A well-designed database enforces data integrity
Data integrity refers to the accuracy, completeness, and consistency of the data in your database.
Data integrity includes three specific technical aspects of a relational database’s structure:
- Entity integrity (or table-level integrity) ensures that a table has no duplicate records, and that the values of the table’s primary keys are all unique and not null.
- Domain integrity (or field-level integrity) ensures that the purpose of every field is clear and identifiable, and that the values in each field are valid, consistent, and accurate.
- Referential integrity (or relationship-level integrity) ensures that the relationships between pairs of tables are sound, so that the records in the tables are synchronized whenever data is entered into, updated in, or deleted from either table.
A well-designed database maintains data integrity by implementing the processes and standards proposed during the design phase.
A well-designed database enforces relevant business rules
Every organization does its work a little differently, and as such, each organization has its own business rules. Ideally, your team’s database should enforce your unique business rules.

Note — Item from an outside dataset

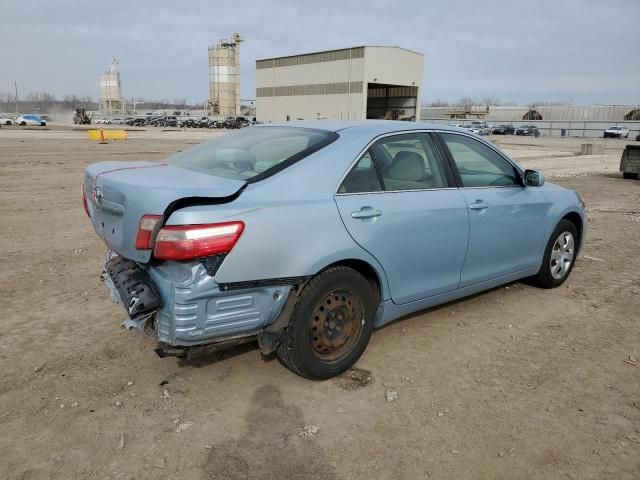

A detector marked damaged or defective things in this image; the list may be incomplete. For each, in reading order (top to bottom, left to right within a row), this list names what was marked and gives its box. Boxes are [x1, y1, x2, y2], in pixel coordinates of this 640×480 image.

damaged rear bumper [102, 253, 292, 350]
rusty steel wheel rim [312, 288, 364, 360]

Let’s say your content marketing team requires that timestamps for video files be noted in milliseconds, and each asset is assigned an eight-character alphanumeric code. If the video files were noted in seconds instead of milliseconds and then entered into the company database, it could create a major snag in video production—and a mess for a database administrator to clean up later.
How to design your relational database, step by step
If this all sounds unfamiliar or overwhelming, don’t worry—there’s a systematic process you can follow so your relational database management system (or RDBMS) follows good design principles, is well-suited to your organization’s needs, and avoids common pitfalls.
Step 1: Define your purpose and objectives
Before beginning your database design journey, understand why you’re making it.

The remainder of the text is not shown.